● Task to complete
Your task is to restate word for word the lines in the material below, from the one with "FORD EXPLORER 2.3 LIMITED 4WD" up to and including the one with "SDXL Sonic Battle Style V5 v5.0". Do not carry over the pictures.

** Opening Information shown block **

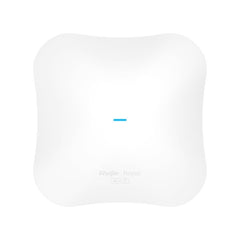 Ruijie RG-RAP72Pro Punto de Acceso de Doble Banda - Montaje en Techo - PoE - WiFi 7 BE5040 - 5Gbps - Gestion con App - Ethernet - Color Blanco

** Closing Information shown block **
** Opening Information shown block **

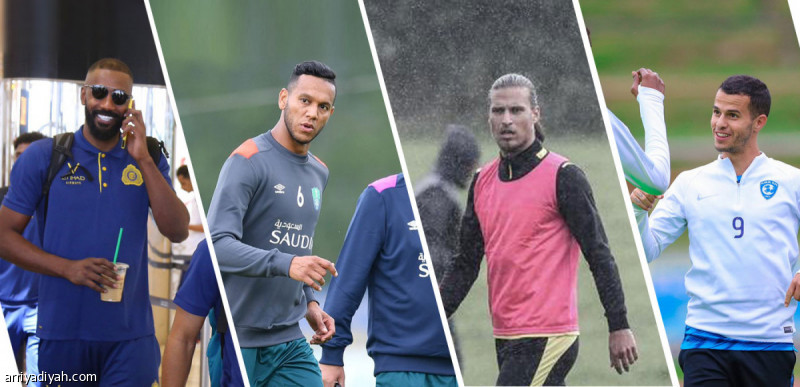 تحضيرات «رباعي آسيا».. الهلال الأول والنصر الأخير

** Closing Information shown block **
** Opening Information shown block **

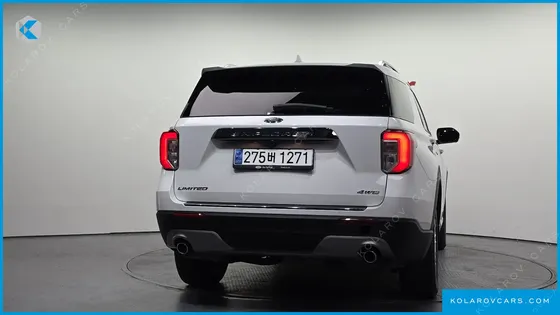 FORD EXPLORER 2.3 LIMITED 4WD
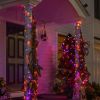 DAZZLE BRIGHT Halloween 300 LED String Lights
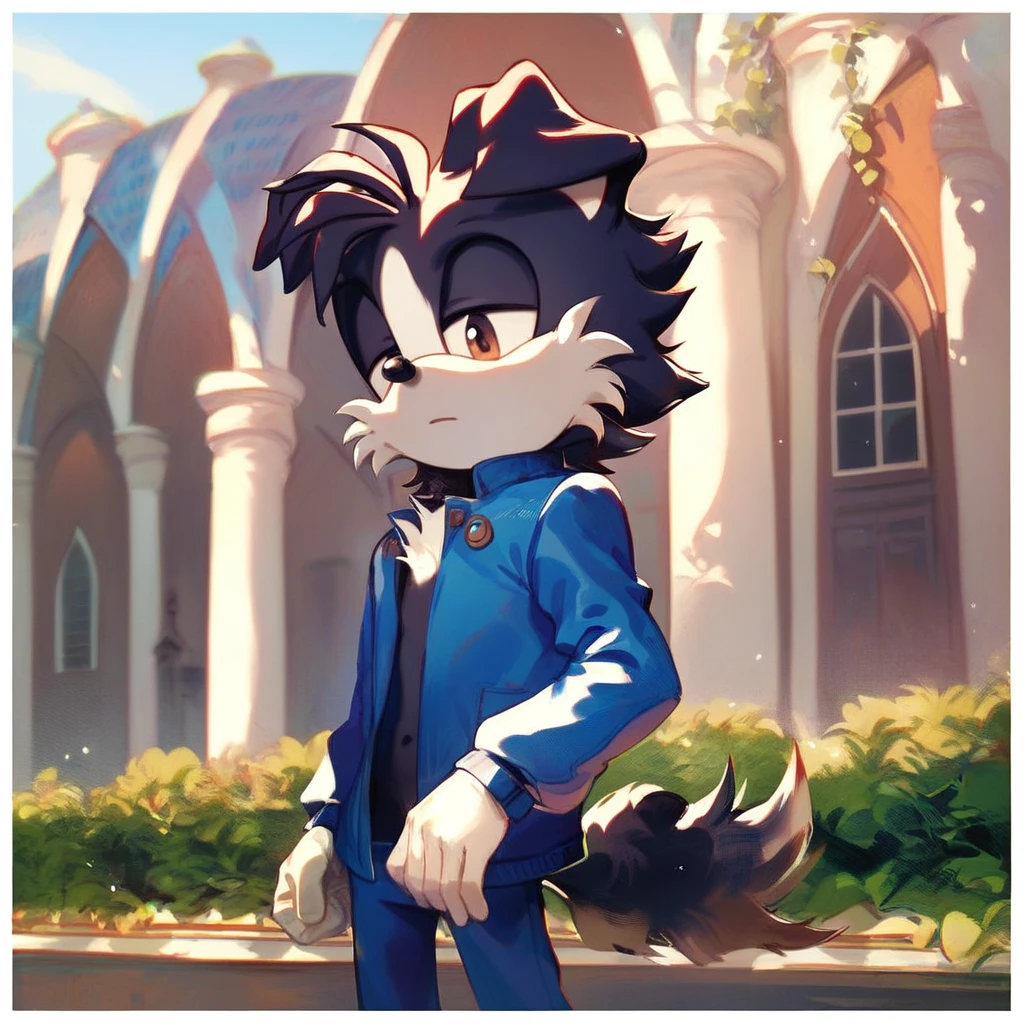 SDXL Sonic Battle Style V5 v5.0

** Closing Information shown block **

● Answer to the problem
 FORD EXPLORER 2.3 LIMITED 4WD
 DAZZLE BRIGHT Halloween 300 LED String Lights
 SDXL Sonic Battle Style V5 v5.0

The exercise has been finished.